Starts December 10
Founder and producing director of New York Stage and Film, Max Mayer writes and directs his second feature film to spotlight the Asperger Syndrome in Adam. In 1944, an Austrian paediatrician, Hans Asperger, wrote a paper about children in his practice who had normal intelligence and language development but extreme deficiencies in social and communication skills hindering normal psychological growth. While listening to a radio interview from a young man diagnosed with Asperger’s, Mayer was enthralled with the man’s description of his world. Mayer’s response was his film Adam and notes that it is a defence of the imperfect and the joy in finding value in imperfection and further explains that “after all, it is all we know.”

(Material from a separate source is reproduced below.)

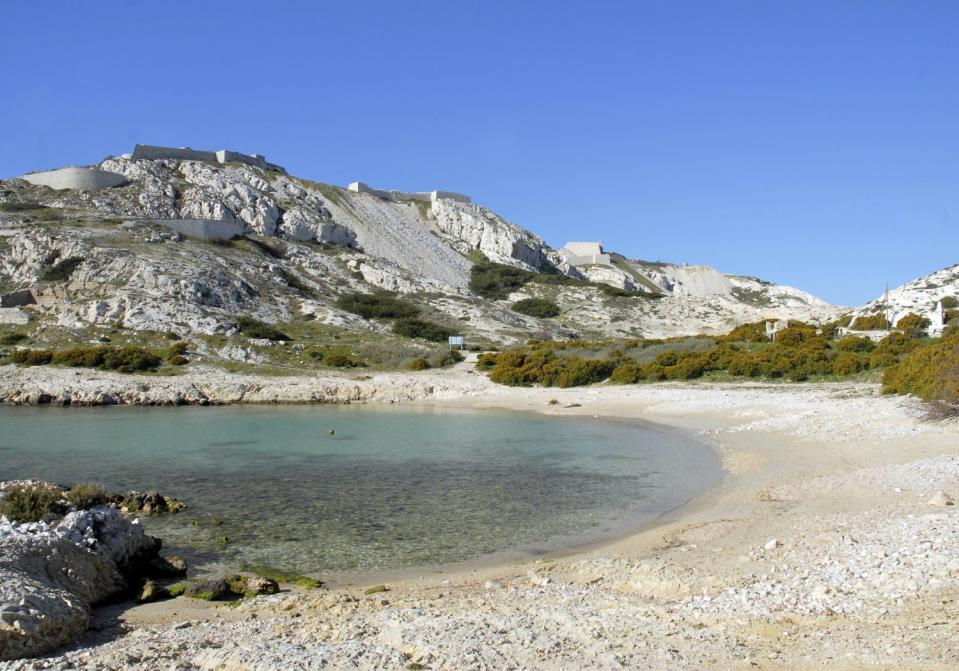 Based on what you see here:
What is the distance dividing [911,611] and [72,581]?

Adam (Hugh Dancy) and Beth (Rose Byrne) live in the same apartment building and become good neighbors sharing the comedy of mishaps in their everyday life at day’s end. Adam is an eccentric electronic engineer, lives an excessive structured life and visits only one person, Harlan (Frankie Faison), since the death of his father. Beth is an elementary school teacher, writes children’s literature and loves people. The story of Adam and Beth is unlikely at first glance but warms the heart as they develop a sweet curiosity for each others’ world and celebrate their imperfections. Beth is fascinated with Adam’s unusual manners, extreme intelligence and childlike wonderment for the world of nature and space. She ignores the abnormality. Adam delights in the attention from Beth, her beauty and talent but cannot express his feelings appropriately. Their worlds collide when irreconcilable differences shatter an incredible depth of shared love and admiration. But, good neighbors find a way toward reconciliation so their lives will move forward.